New homes don't just provide people with shelter. They boost the economy and transform people's quality of life.
House-building helped pulled us out of recession in 2013. It has the fourth highest gross output multiplier of any industry in the UK. In plain English, that means building sites across Britain generate a lot of the jobs, tax and spending that drives our economy. A thriving housing market gives us the feel-good factor.
Just as important, house-building has a positive effect on communities. Good new development improves people's lives.
Schools, parks and roads are all built with funding from new development. Berkeley is building five schools at the moment, as well as nearly 4,000 new homes. Just before Christmas we completed only the second new road to be built in West Sussex this century. The lesson is, if you want new amenities, vote for housing, because it's not going to be delivered through public funding.

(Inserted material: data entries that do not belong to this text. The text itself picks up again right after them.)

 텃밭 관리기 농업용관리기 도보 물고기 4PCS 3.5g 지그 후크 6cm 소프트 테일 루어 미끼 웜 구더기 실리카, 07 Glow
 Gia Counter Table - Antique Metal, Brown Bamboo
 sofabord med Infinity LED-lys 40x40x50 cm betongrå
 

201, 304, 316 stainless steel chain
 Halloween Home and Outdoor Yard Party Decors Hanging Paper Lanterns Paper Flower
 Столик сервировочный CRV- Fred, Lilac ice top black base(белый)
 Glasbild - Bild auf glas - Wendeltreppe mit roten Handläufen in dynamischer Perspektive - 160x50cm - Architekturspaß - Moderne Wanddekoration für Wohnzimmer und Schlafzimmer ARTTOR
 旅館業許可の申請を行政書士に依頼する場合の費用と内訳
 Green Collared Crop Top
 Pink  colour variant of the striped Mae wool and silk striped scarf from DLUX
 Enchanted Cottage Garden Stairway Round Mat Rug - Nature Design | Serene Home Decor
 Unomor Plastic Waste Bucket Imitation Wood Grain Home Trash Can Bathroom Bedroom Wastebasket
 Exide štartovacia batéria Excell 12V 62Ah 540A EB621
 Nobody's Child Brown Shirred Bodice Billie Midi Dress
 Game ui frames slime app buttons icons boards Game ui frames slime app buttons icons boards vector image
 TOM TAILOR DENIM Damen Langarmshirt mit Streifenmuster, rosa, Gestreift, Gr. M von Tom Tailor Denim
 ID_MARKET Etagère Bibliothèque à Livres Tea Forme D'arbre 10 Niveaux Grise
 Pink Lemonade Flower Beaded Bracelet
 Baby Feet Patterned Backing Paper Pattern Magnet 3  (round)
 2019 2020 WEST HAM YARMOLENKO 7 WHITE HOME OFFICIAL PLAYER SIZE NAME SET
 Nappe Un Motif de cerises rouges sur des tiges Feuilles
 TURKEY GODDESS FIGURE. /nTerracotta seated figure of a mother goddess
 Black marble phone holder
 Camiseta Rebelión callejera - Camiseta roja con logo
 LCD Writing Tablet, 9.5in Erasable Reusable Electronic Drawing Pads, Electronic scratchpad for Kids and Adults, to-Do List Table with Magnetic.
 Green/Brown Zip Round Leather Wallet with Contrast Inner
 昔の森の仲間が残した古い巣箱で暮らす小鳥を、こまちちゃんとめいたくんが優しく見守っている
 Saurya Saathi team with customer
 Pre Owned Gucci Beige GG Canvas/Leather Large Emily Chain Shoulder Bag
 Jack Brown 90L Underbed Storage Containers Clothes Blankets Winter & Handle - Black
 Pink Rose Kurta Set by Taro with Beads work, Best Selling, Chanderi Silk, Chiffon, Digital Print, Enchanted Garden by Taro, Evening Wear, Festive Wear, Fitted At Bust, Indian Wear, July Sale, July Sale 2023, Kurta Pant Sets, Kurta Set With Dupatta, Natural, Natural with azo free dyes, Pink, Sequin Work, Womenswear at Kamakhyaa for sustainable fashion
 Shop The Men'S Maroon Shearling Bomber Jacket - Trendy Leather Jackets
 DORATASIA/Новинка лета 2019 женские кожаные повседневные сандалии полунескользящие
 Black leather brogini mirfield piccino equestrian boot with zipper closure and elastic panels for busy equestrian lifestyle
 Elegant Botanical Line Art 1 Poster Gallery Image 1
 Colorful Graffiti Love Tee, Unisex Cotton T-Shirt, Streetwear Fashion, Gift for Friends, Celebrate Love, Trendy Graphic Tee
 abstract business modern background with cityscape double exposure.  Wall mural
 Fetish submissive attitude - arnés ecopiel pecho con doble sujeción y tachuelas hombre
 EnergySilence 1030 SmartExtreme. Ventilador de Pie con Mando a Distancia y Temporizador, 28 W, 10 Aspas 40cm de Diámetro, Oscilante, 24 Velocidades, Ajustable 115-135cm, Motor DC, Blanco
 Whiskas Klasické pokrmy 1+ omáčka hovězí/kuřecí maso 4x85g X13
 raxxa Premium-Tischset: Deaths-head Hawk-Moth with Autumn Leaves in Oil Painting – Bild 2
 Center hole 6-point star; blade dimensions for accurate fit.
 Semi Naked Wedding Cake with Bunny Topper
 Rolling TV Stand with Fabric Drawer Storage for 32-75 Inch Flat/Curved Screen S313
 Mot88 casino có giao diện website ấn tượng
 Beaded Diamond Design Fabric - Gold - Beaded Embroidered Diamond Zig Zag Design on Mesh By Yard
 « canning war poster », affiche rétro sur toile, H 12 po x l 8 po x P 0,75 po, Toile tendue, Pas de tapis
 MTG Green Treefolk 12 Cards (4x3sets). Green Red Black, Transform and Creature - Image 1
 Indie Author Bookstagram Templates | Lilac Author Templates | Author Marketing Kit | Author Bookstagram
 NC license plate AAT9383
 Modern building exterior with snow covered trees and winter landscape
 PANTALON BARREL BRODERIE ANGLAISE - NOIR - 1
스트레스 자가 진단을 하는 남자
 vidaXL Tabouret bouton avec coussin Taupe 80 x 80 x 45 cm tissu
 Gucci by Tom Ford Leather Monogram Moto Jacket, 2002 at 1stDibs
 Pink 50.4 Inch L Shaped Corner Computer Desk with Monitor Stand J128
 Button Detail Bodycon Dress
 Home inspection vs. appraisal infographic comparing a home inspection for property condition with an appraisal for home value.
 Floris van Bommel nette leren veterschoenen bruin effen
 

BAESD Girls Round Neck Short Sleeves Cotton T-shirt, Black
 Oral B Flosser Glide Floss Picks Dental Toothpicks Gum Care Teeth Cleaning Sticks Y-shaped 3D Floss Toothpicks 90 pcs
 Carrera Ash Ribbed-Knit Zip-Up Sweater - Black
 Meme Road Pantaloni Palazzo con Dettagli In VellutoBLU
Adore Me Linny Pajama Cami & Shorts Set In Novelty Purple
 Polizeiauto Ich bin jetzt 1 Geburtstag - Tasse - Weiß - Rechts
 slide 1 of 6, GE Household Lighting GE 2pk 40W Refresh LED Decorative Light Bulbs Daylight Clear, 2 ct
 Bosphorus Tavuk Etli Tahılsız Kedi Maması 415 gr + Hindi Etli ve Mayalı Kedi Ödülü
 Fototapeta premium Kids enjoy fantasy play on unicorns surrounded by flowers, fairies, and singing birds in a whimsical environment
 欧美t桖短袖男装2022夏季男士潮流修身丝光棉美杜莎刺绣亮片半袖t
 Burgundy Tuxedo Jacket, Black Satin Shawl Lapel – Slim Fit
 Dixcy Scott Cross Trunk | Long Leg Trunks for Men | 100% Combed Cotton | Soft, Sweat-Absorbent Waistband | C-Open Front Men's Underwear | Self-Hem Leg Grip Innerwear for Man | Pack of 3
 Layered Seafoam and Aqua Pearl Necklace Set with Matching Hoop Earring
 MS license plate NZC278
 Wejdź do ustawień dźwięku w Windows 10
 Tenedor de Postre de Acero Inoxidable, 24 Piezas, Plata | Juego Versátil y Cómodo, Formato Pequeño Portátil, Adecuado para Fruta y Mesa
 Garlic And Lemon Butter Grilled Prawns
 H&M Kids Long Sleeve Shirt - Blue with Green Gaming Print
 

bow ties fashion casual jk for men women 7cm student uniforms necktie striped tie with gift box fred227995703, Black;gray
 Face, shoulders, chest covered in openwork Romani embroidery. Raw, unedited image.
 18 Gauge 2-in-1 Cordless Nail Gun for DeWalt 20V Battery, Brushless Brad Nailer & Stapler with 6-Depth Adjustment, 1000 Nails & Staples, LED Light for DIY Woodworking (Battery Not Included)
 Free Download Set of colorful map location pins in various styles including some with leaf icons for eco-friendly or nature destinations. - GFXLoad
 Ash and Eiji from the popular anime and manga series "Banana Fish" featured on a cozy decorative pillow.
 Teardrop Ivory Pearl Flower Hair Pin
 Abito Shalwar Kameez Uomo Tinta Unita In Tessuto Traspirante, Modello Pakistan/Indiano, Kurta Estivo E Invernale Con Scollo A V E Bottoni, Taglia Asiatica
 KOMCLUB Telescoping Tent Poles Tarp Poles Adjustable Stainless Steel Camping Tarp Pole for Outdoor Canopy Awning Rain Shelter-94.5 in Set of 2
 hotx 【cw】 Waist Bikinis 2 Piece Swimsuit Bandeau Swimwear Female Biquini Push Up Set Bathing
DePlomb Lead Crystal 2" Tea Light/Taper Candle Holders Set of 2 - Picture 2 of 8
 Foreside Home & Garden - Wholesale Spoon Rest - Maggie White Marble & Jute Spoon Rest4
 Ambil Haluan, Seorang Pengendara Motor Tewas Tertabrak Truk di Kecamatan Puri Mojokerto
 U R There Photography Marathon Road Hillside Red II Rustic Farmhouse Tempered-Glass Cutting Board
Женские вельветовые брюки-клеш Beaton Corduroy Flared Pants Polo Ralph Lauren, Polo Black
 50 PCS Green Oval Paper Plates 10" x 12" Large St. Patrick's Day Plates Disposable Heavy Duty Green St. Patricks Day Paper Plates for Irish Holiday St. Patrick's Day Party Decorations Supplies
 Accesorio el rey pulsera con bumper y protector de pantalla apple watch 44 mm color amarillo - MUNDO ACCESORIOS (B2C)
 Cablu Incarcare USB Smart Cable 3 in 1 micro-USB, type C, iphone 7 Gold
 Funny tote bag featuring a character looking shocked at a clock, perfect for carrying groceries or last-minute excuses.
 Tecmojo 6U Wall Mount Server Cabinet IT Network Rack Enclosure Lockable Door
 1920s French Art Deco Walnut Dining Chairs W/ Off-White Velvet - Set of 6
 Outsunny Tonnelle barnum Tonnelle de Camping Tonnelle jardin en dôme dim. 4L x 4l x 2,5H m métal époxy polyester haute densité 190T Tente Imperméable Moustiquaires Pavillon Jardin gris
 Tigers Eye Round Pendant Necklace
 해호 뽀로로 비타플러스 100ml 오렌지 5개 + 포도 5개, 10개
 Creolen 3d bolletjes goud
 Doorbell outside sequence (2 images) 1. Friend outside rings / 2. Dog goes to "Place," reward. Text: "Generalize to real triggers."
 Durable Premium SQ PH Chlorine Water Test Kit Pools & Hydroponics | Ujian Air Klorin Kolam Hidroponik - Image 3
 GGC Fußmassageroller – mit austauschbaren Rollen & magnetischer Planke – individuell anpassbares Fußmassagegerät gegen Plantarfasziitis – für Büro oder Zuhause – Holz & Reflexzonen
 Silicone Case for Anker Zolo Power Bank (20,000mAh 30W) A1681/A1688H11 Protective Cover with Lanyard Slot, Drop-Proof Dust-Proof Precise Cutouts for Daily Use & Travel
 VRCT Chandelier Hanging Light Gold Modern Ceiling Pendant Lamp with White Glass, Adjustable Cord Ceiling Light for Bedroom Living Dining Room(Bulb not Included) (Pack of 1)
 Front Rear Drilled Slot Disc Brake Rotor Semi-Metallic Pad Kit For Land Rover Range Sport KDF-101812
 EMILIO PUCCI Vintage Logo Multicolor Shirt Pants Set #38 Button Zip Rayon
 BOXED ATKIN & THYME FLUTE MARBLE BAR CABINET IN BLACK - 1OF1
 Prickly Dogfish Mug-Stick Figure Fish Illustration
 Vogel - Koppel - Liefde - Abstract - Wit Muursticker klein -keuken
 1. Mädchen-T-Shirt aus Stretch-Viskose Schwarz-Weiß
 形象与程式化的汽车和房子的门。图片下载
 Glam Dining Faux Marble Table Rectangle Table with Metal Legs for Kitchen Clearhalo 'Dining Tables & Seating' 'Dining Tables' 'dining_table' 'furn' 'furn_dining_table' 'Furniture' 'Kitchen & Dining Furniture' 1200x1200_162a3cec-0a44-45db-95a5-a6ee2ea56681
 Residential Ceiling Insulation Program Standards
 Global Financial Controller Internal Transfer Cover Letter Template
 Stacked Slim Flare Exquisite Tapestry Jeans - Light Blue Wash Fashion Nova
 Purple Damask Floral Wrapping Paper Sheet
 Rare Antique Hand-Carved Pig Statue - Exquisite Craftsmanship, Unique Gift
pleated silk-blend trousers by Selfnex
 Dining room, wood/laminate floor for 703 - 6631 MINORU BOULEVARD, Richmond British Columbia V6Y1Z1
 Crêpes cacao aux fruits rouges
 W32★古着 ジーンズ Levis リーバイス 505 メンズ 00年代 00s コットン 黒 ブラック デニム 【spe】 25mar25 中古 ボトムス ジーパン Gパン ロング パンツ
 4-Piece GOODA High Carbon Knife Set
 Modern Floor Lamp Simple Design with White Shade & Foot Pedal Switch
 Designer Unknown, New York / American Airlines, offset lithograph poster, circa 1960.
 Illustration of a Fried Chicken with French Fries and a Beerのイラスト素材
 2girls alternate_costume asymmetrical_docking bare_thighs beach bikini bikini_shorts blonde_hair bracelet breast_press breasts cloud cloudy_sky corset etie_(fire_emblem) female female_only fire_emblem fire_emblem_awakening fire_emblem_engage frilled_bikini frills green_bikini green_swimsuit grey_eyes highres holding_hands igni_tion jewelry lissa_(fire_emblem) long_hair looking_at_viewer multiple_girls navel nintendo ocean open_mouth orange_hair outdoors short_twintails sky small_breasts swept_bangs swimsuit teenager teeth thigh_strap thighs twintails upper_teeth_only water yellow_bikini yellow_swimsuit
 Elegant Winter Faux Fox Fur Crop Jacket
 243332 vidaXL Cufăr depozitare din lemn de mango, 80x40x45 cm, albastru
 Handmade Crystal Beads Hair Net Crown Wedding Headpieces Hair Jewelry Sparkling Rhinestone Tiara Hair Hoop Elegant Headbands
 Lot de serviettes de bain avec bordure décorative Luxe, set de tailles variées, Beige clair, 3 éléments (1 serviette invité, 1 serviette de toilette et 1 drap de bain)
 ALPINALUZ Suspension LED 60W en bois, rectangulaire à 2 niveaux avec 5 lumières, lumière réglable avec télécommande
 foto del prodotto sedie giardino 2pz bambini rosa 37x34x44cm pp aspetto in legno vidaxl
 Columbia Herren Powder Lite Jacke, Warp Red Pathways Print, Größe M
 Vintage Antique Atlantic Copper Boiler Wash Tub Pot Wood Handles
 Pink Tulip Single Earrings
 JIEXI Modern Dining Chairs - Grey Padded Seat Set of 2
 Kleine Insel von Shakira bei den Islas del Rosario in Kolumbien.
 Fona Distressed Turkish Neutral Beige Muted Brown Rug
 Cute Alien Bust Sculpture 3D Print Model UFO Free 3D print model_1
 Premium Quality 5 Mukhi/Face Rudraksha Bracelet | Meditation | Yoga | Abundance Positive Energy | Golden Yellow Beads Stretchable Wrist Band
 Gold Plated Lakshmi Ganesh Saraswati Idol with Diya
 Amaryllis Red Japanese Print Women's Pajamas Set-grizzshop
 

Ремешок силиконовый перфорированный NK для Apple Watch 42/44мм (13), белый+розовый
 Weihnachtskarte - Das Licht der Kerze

You can also measure people's happiness in newly built homes. The Government started measuring national wellbeing in 2011 and we use the same questions developed by the Office for National Statistics on many developments. The evidence suggests that life satisfaction and the sense of community is actually higher on good new development.
Our problem as an industry is that what people have seen historically of modern housing isn't great. Much of it lacked character and a sense of place. This was the result of misguided planning rules and a reluctance to invest in design. Both have now changed but it's our job to build better places, get the public on side and give councils the confidence to show some leadership.
The danger right now with an election is that the country gets caught in a wave of uncertainty and paralysis. The UK economy is in fact well placed in many respects: low inflation, falling unemployment and endless creative talent.
I think the Government and Bank of England have done almost everything required to create a positive platform for housebuilding, except giving us stability on taxation. We can no longer blame monetary policy and you will rarely find better conditions for buying a home.
But growth isn't inevitable. We have to get out there and make things happen. This mindset applies to all areas of business and society. Whatever sector you work in, we have to keep making decisions and getting things done.
The sense of stagnation gripping the Eurozone shows what happens otherwise. Deflation takes hold and the individuals or companies with any ambition move out. That's why we have 400,000 French people living here.
So in the coming weeks, amid all the bitterness of a tight election fight, let's show some courage and inject real pace into the business of building more homes. People in this country need somewhere good to live. They need quicker decisions from councils and a planning system that actively helps to create beautiful places where people want to live.
It's crazy that we give more land in Britain to golf courses than housing. The only country in Europe to build fewer homes per head of population is Bulgaria. That cannot be right.